‘Upgrade’ Presents A Scary View Of The Future


In a season of blockbusters, Upgrade is a small-scale, clever mix of science fiction, vengeance and horror flick that works well. The suspense holds up most of the way, and the ideas behind the story seem fairly reasonable. That just makes things scarier.

Grey Trace (Logan Marshall-Green) hates modern technology. While most cars in the not-too-distant future are autonomous, he prefers to keep control of the wheel. He is suspicious of the devices that seem to have taken over many aspects of life. He is a mechanic specializing in restoring old muscle cars; a nice throwback to the past. We first see him working on the cars, listening to some hard rock. Right after that, he walks into his ultra-modern house, where there are cameras everywhere and all the flat surfaces can become computer screens. There’s a house computer that sounds seriously like Apple’s Siri. His wife Asha (Melanie Vallejo) is a big-shot exec and thrives in that world.

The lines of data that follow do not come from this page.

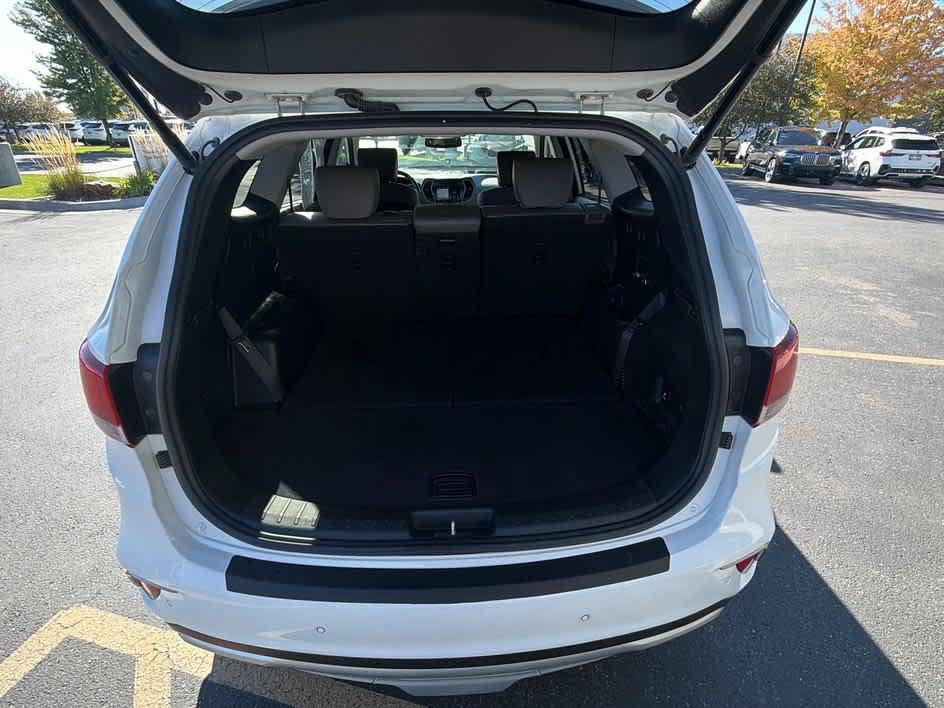 Used 2017 Hyundai Santa Fe AWD w/ SE Ultimate Tech Package 03 image 9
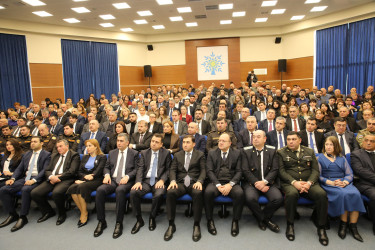 Nizami rayonu üzrə 2025-ci ilin sosial-iqtisadi inkişafının yekunları və qarşıda duran vəzifələrə həsr olunmuş hesabat yığıncağı keçirilib - 22.01.2026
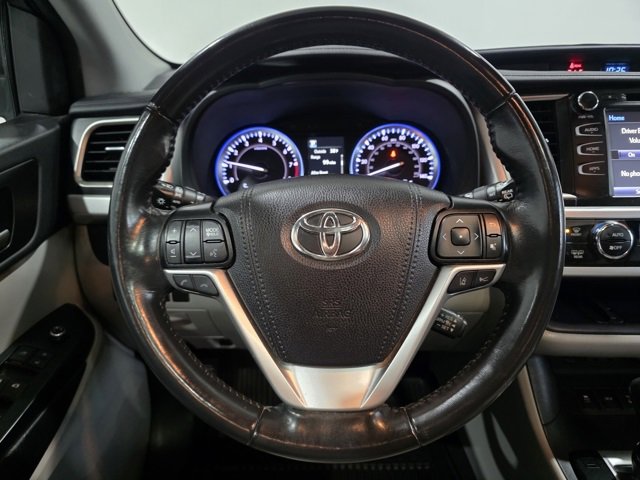 Used 2019 Toyota Highlander XLE image 17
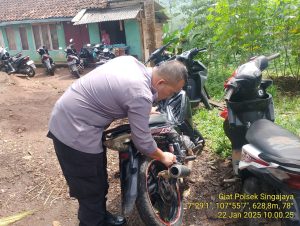 Personil Polsek Singajaya melaksanakan giat operasi penertiban knalpot bising/brong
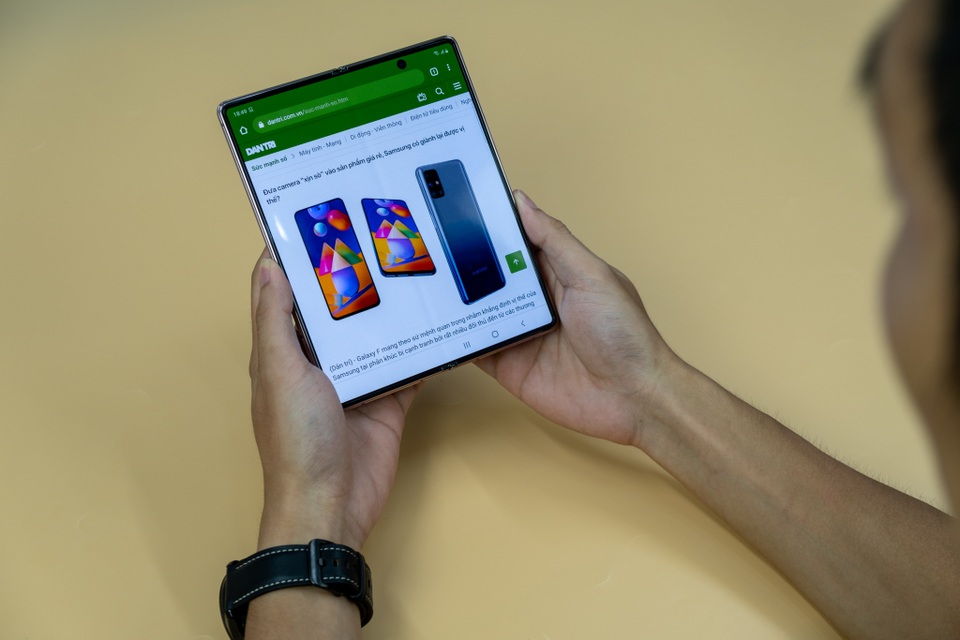 Mở hộp Galaxy Z Fold 2 giá 50 triệu đồng: hoàn thiện vẻ khác biệt - 5 Mở hộp Galaxy Z Fold 2 giá 50 triệu đồng: hoàn thiện vẻ khác biệt - 5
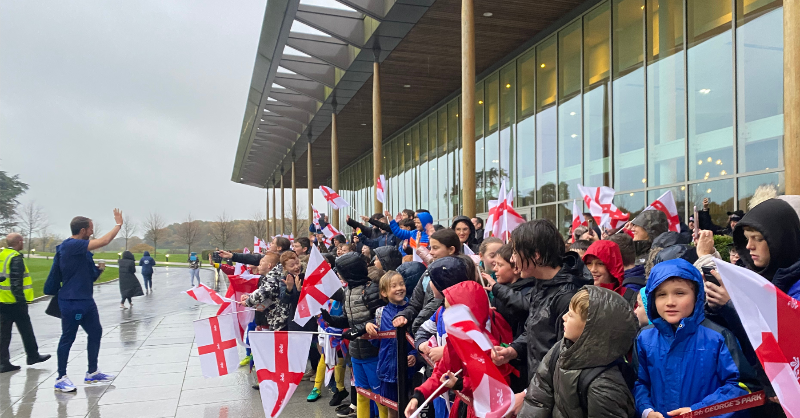 BurtonAlbionCT's tweet photo. 🦁󠁧󠁢💛GOOD LUCK ENGLAND

Today we were privileged to not only wave off the England football team team before they boarded their flight to #Qatar2022 but also host a tournament at the National Football Centre at St. George's Park🙌

Read the full story👇

#BACT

Then Grey and his wife are gunned down by thugs. She is dead, and he becomes a paraplegic. He vows revenge, but it is tough doing that when you are not able to walk.

Tech guru Eron (Harrison Gilbertson), for whom he rebuilt one of the cars, offers him a device seemingly too good to be true. He fuses a computer chip to Grey’s spine that will allow full mobility through the use of an artificial intelligence device called STEM (voiced by Simon Maiden). Of course, there are complications. After a short time, STEM basically takes over Grey’s life.

STEM takes over Grey’s revenge quest, feeding him intelligence that keeps him a step ahead of the bad guys (who are about as dumb as they come, but unceasingly happy to hurt others) and is able to take over his body and become a killing machine. Hearing STEM’s flat tones describing what is happening (which only Grey and the audience can hear) while Grey does incredibly gory things creates a great cognitive dissonance. Grey is a hyper-fast, incredibly strong, killer — all the while shocked and horrified by what he is doing.

Writer/director Leigh Whannell (Insidious: Chapter 3, but more importantly wrote the basic short that became Saw) knows how to keep the action and gore going. There is not a lot that is new in the film’s use of violence, but things keep going faster and faster. One of the interesting elements is Grey’s horrified reaction to what he is doing; what he is becoming. While someone like Robert Downey Jr. in Iron Man makes light of the people who get tossed around (and we often have no idea whether being flipped 50 feet actually kills them), Grey suffers because of all the killing. He also is terrified that STEM is using him as a kind of tool in a game that is far more complex than the one he thinks he is in.

Marshall-Green, unfortunately, seems like the only top-grade actor in the film. His world is one of drugged-up computer hackers, body-modified thugs and computer-controlled devices running people’s lives. In many ways, the real villain in the movie is modern artificial intelligence technology. We already have stories of orders being made on Amazon because Alexa hears children talking about what they want. And at least one person has died after being run down by a self-driving car. We have pacemakers, and coming soon a similar device for the brain, designed to stop strokes, not to mention regular body parts. When do we stop being ourselves? Grey hates what the device does to him even as he enjoys striking back at the men who have shattered his life. His own self-doubts weakens his role as hero.

But if this is a “B” movie, it is an engrossing one. It is very noir; a lot of the scenes are in bars and rundown housing. Some of the plot is over the top, but it is so well done in the end that it doesn’t really matter. If you like this type of movie, you will have a good time. But it is not for everyone.